At the hearing before the Department, the plaintiffs stated that they were requesting either a modification or a cancellation of their obligation based on a change in their income and on the in-kind support they provided to Pamela. The Department’s field representative stated that the Department had recalculated the plaintiffs’ obligation *362because of the decrease in their income, and the plaintiffs now owed $770 for prior payments and $110 per month.

Marilyn Jacobson testified that she lived with her husband, her adult son, her daughter Pamela, and Pamela’s child. The plaintiffs did not charge Pamela rent. Marilyn opined that an appropriate amount of rent for Pamela would be one-quarter of $327, the plaintiffs’ monthly mortgage payment. The plaintiffs also provided food for Pamela in the amount of approximately $100 per month and clothing in the amount of $100 to $150 per year. Pamela drove one of the plaintiffs’ cars. Vincent Jacobson testified that, to satisfy the support obligation, the plaintiffs were paying the Department half of the grant that Pamela received. In addition, the plaintiffs testified that their household income was insufficient to meet the needs of the entire household, including Pamela.

In its final administrative decision, the Department ordered the plaintiffs to pay $115 per month for current support and $802 as reimbursement of AFDC from December 1990 through June 1991. The plaintiffs filed a timely complaint for administrative review in the circuit court.

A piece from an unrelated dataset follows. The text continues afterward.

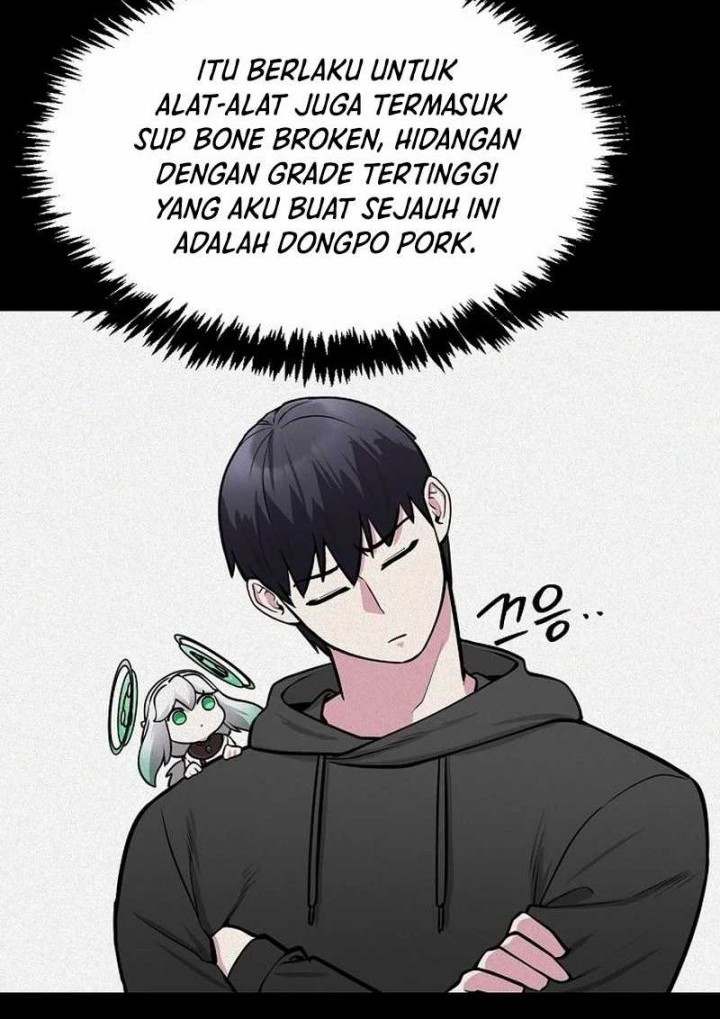 Heavenly Demon Wants to Be a Chef Chapter 27 - halaman 38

At the hearing in the circuit court, the plaintiffs argued that the Department should have given them credit for the in-kind support they provided to Pamela. The plaintiffs asserted that they were, in effect, paying twice for Pamela’s support. The defendants responded that the amount of aid Pamela received was based on her not having to pay for housing or food, so that the in-kind support was considered in the initial determination of Pamela’s eligibility for aid. The plaintiffs also argued that the statutory distinction between parents whose 18- to 21-year-old children live at home and those whose children do not violated the equal protection clauses of both the United States and Illinois Constitutions. See U.S. Const., amend. XIV; Ill. Const. 1970, art. I, § 2.

The trial court held that, in order to constitutionally interpret the relevant statutory sections and the Department’s regulations, the guidelines of sections 504 and 505 of the Illinois Marriage and Dissolution of Marriage Act (the Dissolution Act) (750 ILCS 5/504, 505 (West 1992)) would have to be incorporated into the procedure for measuring the ability of responsible relatives to provide support. The court noted that the statute was otherwise constitutional. The court therefore held that the plaintiffs were entitled to credit for their in-kind contributions pursuant to section 505(3)(h) of the Dissolution Act (750 ILCS 5/505(3)(h) (West 1992)). Because the amount of the in-kind contributions exceeded the amount of aid Pamela received, the court ruled that the plaintiffs were not required to reimburse the Department.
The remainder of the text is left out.